MBA Finds Specialists Beat Profit Margins of Giant Lenders in '96

Heavy competition continues to separate the wheat from the chaff in mortgage lending profitability, with specialized firms beating out the lending giants.

According to a survey released at the Mortgage Bankers Association of America annual convention here, the variance among profit margins in 1996 increased more than 30% from the year before-meaning that some firms are increasingly successful, while others are falling by the wayside.

"We're seeing more winners and losers," said Tiffany Rowan, assistant economist for the MBA. "What this is going to mean in the future is we'll see more companies exit the industry, merge with others, or outsource" their mortgage operations, she said.

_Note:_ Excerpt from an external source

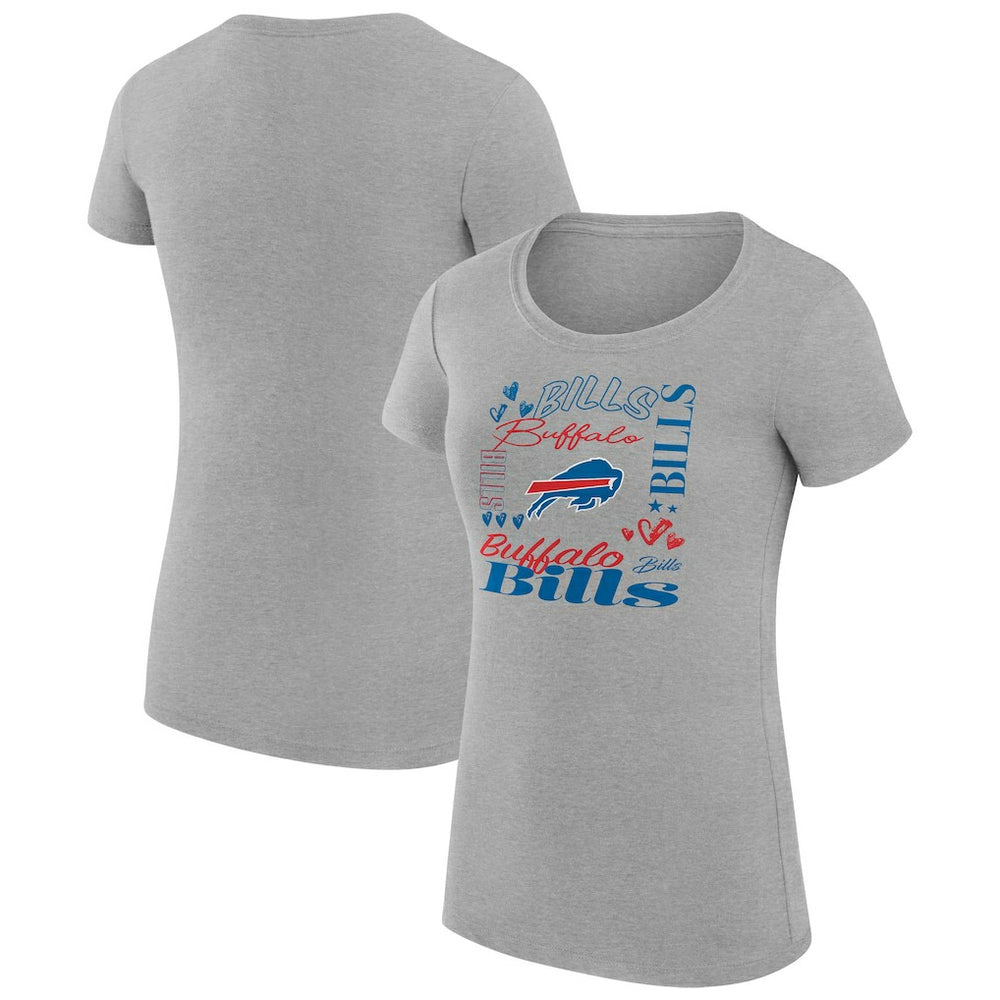 Buffalo Bills G-III 4Her by Carl Banks Women's Super-Slim Fit Lightweight Collage Team T-Shirt - Heather Gray discount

In addition, the MBA's "Profit Trends in Mortgage Banking" study found that the largest loan producers were the least profitable. Lenders who originated more than $4 billion in loans last year had an average profit margin of only 7.1%, versus an industrywide average of 13.3%.

The next tier of lenders, those who originated $1 billion to $3.9 billion per year, was the most profitable, with average profit margins of 23.3%.

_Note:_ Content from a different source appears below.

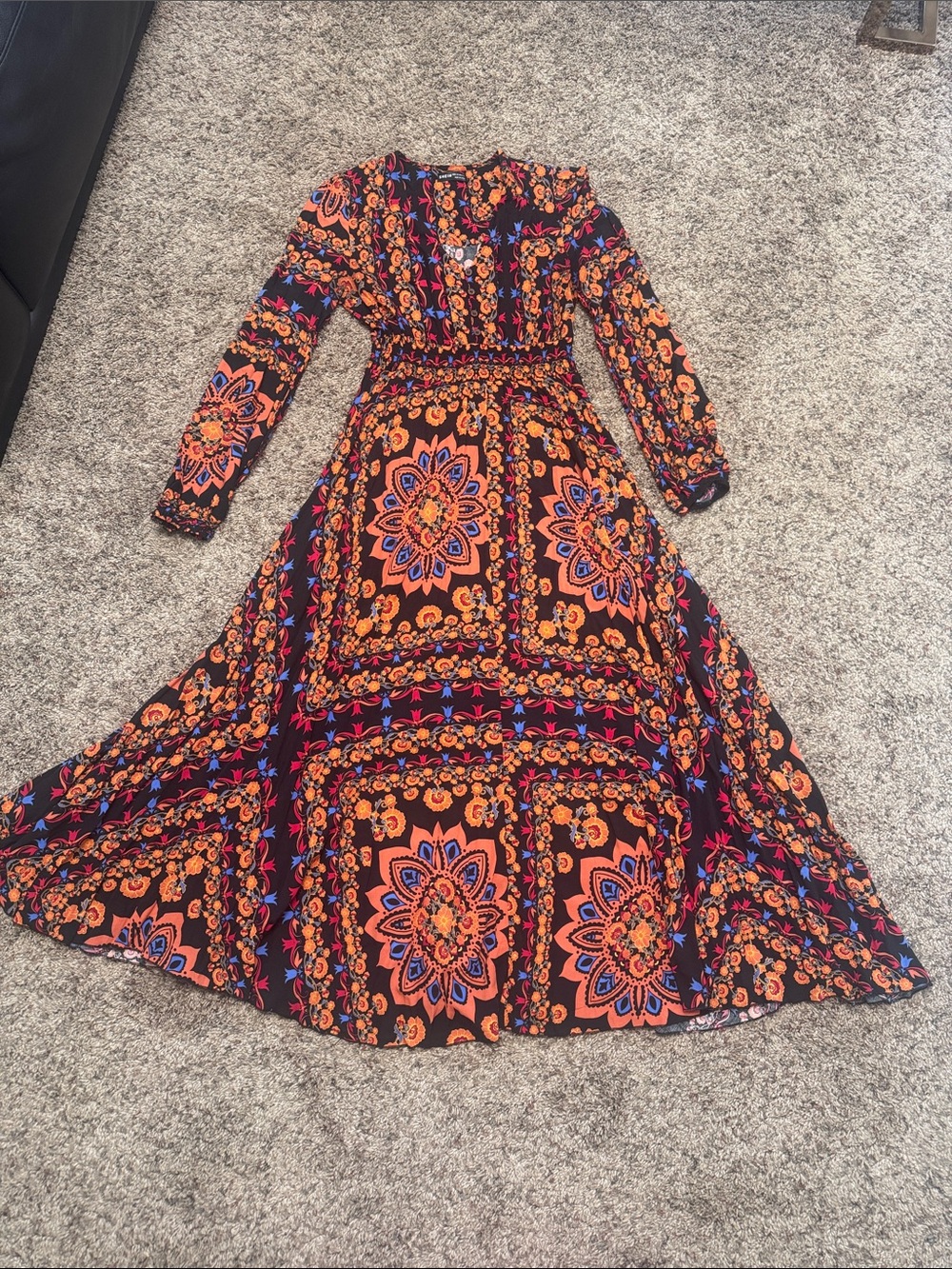 SHEIN Black Maxi Dress with Orange and Blue Floral Medallion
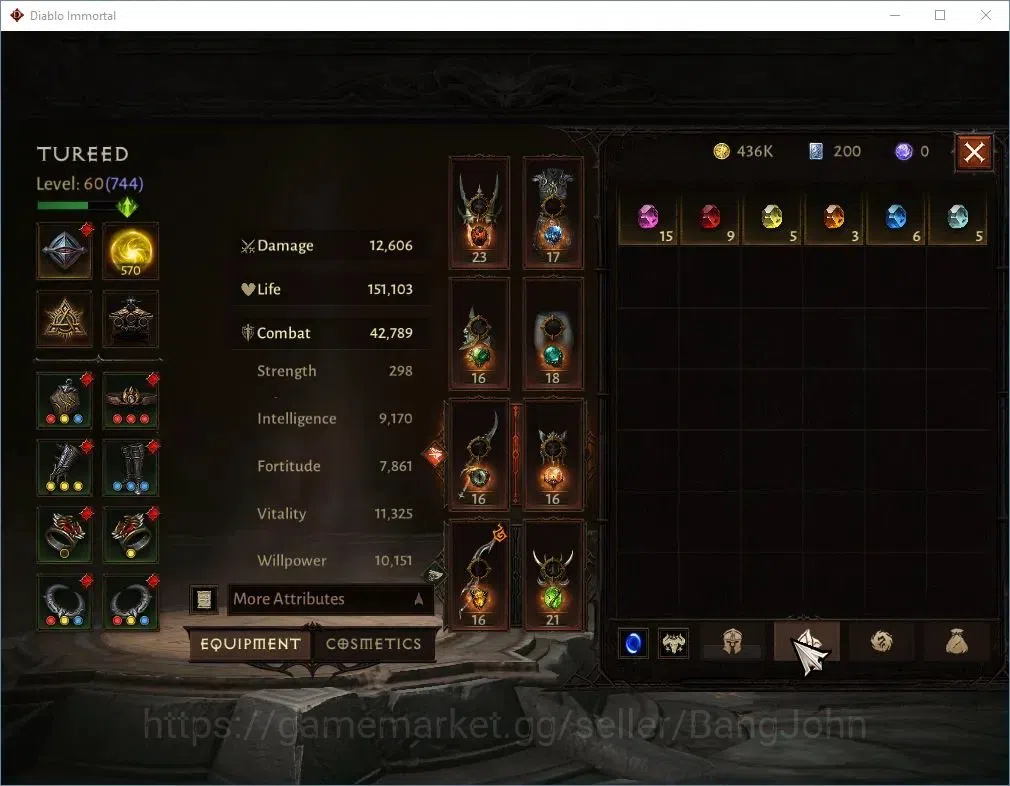Diablo Immortal Accounts High-End SA-OZA |60 (744) Warlock-Vanquisher|CR 42K|Reso 570|Inferno IV|Skitterwight Lv 30|CS 12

On the servicing side, midrange was better than supersized, the survey found. Servicers with more than $10 billion in volume had the smallest profit margin, at 6.9%, while those with $1 billion to $10 billion in loans enjoyed profit margins of more than 25%.

Expanding into new areas is one of the best ways to increase profitability, Resource Bancshares Mortgage Group CEO Edward J. Sebastian told lenders. "If you're going to rely solely on A business, you have to keep doubling and tripling" volume to keep up profitability, he said.

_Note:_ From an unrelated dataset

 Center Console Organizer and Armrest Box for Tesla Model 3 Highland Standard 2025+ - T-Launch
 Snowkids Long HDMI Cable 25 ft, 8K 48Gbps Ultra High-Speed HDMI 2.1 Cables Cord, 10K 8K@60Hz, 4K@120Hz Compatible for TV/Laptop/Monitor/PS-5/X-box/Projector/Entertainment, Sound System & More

Instead, Resource moved into subprime lending this year to boost margins. "We're adding A-minus and B paper to maintain our 25% (profit) growth rate," Mr. Sebastian said. "Eighty percent of that production comes from brokers and correspondents, which is a natural fit."

The company also bought subprime originator Meritage Mortgage in April. Its monthly production reached $30 million in August.

Additionally, Resource Bancshares is adding equipment leasing and commercial mortgage lending to its product line to keep profit growth stable. Although mortgage companies may have ignored it in recent years, "commercial mortgage lending is back," Mr. Sebastian said.

Expenses increased more than 49% for all lenders surveyed, the study found, to an average of about $57.1 million in 1996. Companies' move toward automated systems played a factor in this increase, Ms. Rowan said. But an increase in average revenue almost completely offset this spending boom- revenue increased 48% in 1996, to $63.1 million, the survey found.

Profit margins overall fell slightly for the year, the MBA survey found.

The average profit margin for the 213 lenders surveyed was 13.3%, down from 14.6% in 1995. This seems to contradict another MBA survey released earlier this month; according to the "1996 Cost Survey," profit margins of lenders surveyed increased to 12.3% in 1996, from 9.9% in 1995.

Ms. Rowan attributed the disparity to the lenders studied. The "Cost Survey" looked at a range of lenders, she said, while the profitability survey focused on the larger ones.